JOSÉ LORENZO | Redactor jefe de Vida Nueva
La tenue línea que separa la buena voluntad del ridículo es atravesada por la Iglesia institucional con más frecuencia de la conveniente. Una cosa es no ser de este mundo (y saber explicarlo) y otra cultivar a conciencia la ingenuidad como si fuese el mejor cortafuegos para no contaminarse con el mundo que hay al otro lado de la tapia.
Ese eclesiocentrismo del que se habla en otra página de esta revista sigue muy presente, y quien fagocitó otras festividades se atraganta melindrosamente con las pepitas de calabaza.
Un obispado da un tirón de orejas a unas cofradías por organizar en un colegio religioso una fiesta de disfraces y en otros lugares se fomenta para contrarrestar la moda zombi que los más pequeños se disfracen de santos. Para no desentonar del todo, uno se los imagina buscando entre el amplio catálogo lo más truculento, los decapitados, los asaeteados, las mutiladas… No hay trato con eso porque, dicen, tiene truco. Lo suyo es ¿martirio o pecado?
Dicen que la Iglesia busca nuevos lenguajes para evangelizar y que quiere escuchar a los jóvenes. ¿Es este el diálogo a entablar? ¿Cristianos que sepan dar razón de lo que les conmueve o frikis a fuerza de convertirlos en meros replicantes?
A esa edad, los chicos y chicas ya son capaces de pensar por sí mismos y poner en apuros la sitiada autoridad paterna. Y de cuestionarse sobre la Iglesia en la que han crecido, de lo que ven y oyen sobre ella. Lo sabe muy bien el obispo de Barbastro-Monzón, que, hace unas semanas, invitó a merendar a los jóvenes de la diócesis. “¿Por qué debo sentirme parte de una Iglesia que no acepta a los homosexuales de la misma manera que a los demás?”, le espetó uno.
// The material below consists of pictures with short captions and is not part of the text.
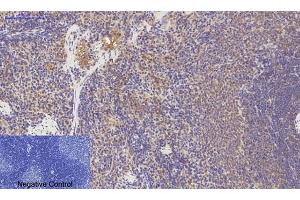 Immunohistochemical analysis of paraffin-embedded rat spleen tissue. (PDGFRA antibody)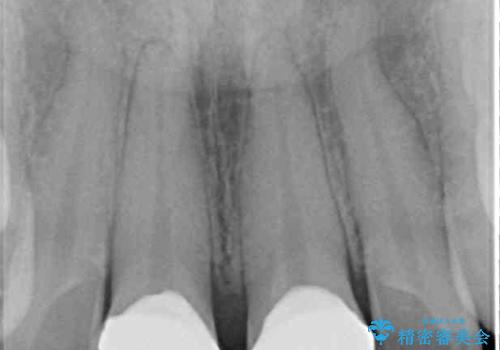 前歯の隙間をオールセラミックで閉じるの治療後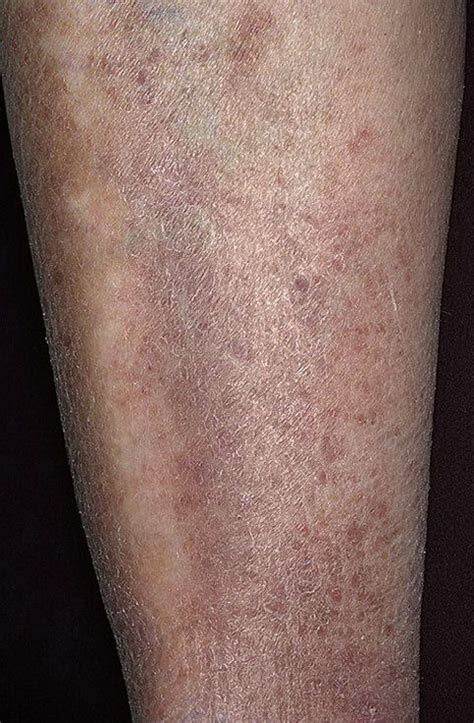 Варикозная экзема фото – 174 шт. / fotodiagnoz.com
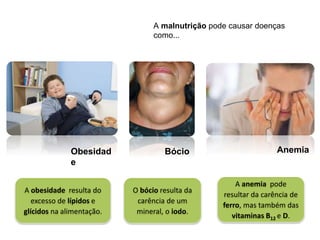 Obesidad
e
Bócio
A obesidade resulta do
excesso de lípidos e
glícidos na alimentação.
O bócio resulta da
carência de um
mineral, o iodo.
A anemia pode
resultar da carência de
ferro, mas também das
vitaminas B12 e D.
A malnutrição pode causar doenças
como...
Anemia
 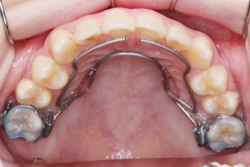 ���꼰��󥬥륢������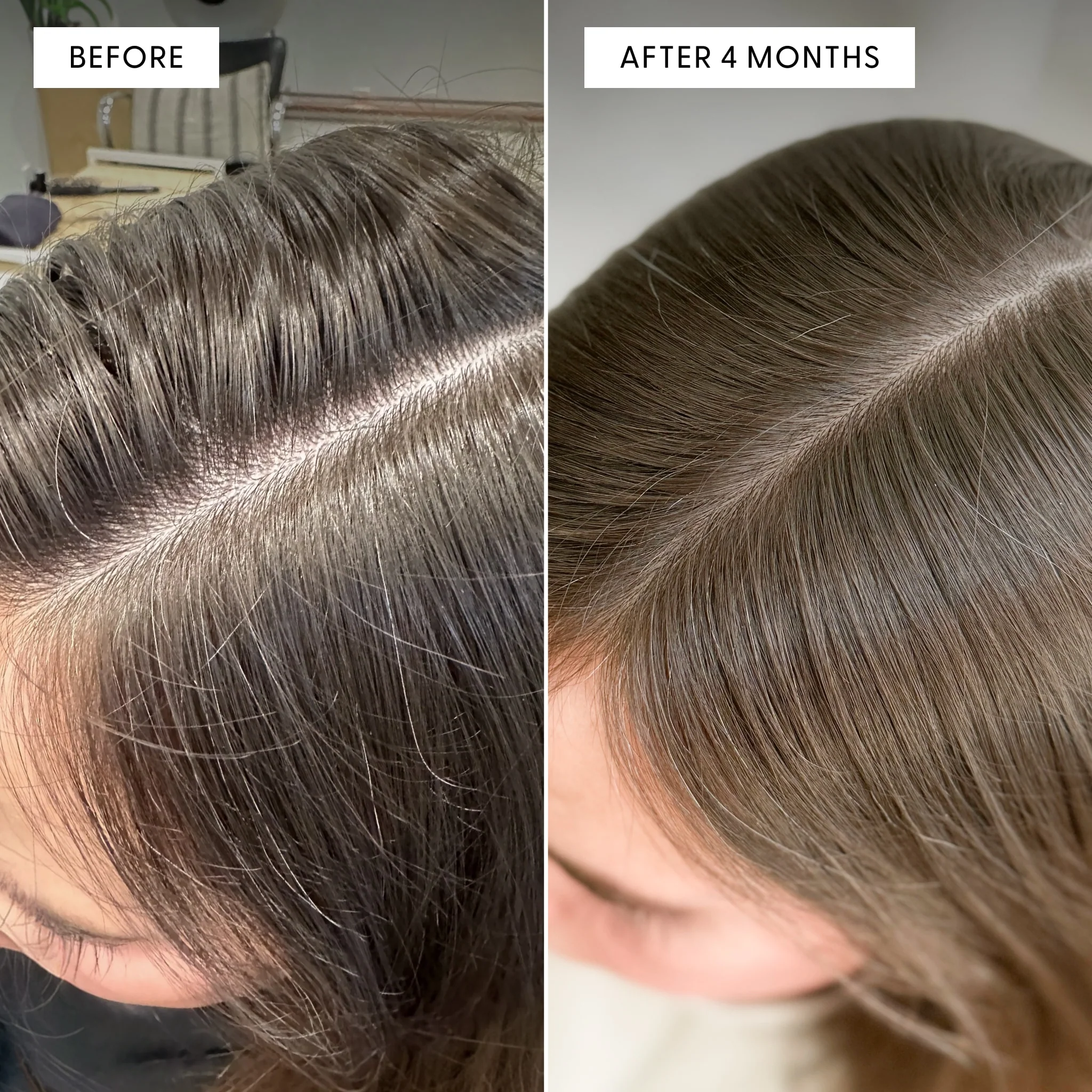 A before and after image showing a person's hair part with fewer visible gray hairs after four months.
En ese encuentro le preguntaron también por la soledad, por si había sentido alguna vez que Dios le daba la espalda, por las razones que le llevaron a abandonarlo todo y hacerse cura, por si era pecado abortar…
Hay quien tiene respuestas de carrerilla para estas preguntas y para cualquier otra. Son los que abonan ese cristianismo friki, esos fieles muertos vivientes a los que se busca en las tertulias porque siempre están dispuestos a dejarse inmolar. A estos, las respuestas del obispo aragonés no les servirían de mucho.